What am I trying to do?

Last night I didn’t add words to “And Blow Them at the Moon,” instead spending my evening re-reading the relevant chapters from my research, and thinking about the story. It’s important to ask myself: what am I trying to do? What are the things I want my narrative to accomplish?

Normally this isn’t the kind of thing I share publicly (it comes too close to spoilers), but this time I think I’ll think out loud. Behind a cut, though, so you don’t have to know anything more about the plot than you want to.

What do I need this story to do?


1) Explain what the Gunpowder Plot was. I think a decent percentage of Americans could manage the one-sentence explanation of “Guy Fawkes tried to blow up the Houses of Parliament.” (Brits could, one hopes, manage more.) This is almost enough: add the clause “though it was really Catesby’s idea,” and that’s most of what I need to convey. There are a lot of smaller details, of course, but this is a short story; the finer points of them leasing the Whynniard house and the store-room underneath the Lords and all the rest of it doesn’t really matter.
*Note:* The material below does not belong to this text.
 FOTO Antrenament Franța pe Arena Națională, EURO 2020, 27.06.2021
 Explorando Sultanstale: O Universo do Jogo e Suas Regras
Not when my pov character is not a conspirator. Maybe one sentence mentioning that they want to set Elizabeth up as a puppet-queen afterward; that’s as far as it needs to go.

2) Explain why the Gunpowder Plot was formed. This is both more important, and less well-known: thanks to V for Vendetta, some Americans might be able to quote the rhyme, but I doubt they know it had anything to do with Catholicism. So I do need to lay out the basic framework here, of Catholic persecution, the belief (carefully fostered by James) that a new King would mean new toleration, and the disappointment when James’ supposed promises turned out to be the usual political noise.

3) Work in faerie involvement. Because this is, after all, an Onyx Court story. I’m attempting to follow my usual pattern here, which is to slip the faeries in beneath the cracks, using them to explain otherwise murky turns of event. In this case, that means two things: 1) the supposed Westminster mine and 2) the Monteagle Letter. I’d also like to make use of the eclipses, as I’ve said before; they could help magic up what is otherwise currently a rather mundane story. But that means connecting the eclipses to something else, and I’m not sure what. (Why couldn’t Tresham’s father have kicked it on the lunar eclipse, or Catesby have recruited Tresham during the solar one? Very inconvenient timing on their part.)

4) Give the reader a reason to care. Every story has to do this, of course, but here I need that reason to serve two additional purposes: one, generating a degree of sympathy for the Catholic community (if not for the Plotters themselves), and two, bringing the mortal and faerie worlds together. Because I’ve chosen to write from the perspective of a faerie, and moreover a faerie who’s sympathetic to the Catholic cause. She cares about those people (against her better judgment), and wants to prevent the disaster she sees coming. It isn’t going to end well for her, of course — it can’t, unless I turn this into alternate history — but that’s okay. You can get away with tragedy in a short story.

Unfortunately, that’s four things I need to accomplish in as few words as possible. Less than 10K is my hard limit; less than 9K would be better; less than 8K would be better still. (As I lose at least one good market at each of those thresholds.) Less than 6K would be excellent, but it’s not going to happen; I currently have 4,770 words, and I need to write at least two more scenes — one with Tresham, and one before it, since it’s too soon for that to happen — and finish the two I wrote the other night.

Too soon for the Tresham scene yet; therefore the logical question for me to ask next is, what has to happen before that one can? I think I need to work in more faerie stuff. In a story that revolves around what mortals are doing, it’s easy to let the fantasy fall by the wayside, so I need to come up with something Onyx Court-centric that also furthers my plot.

I have some ideas, I think. Time to go roll around on the floor and stare at the ceiling until they take shape.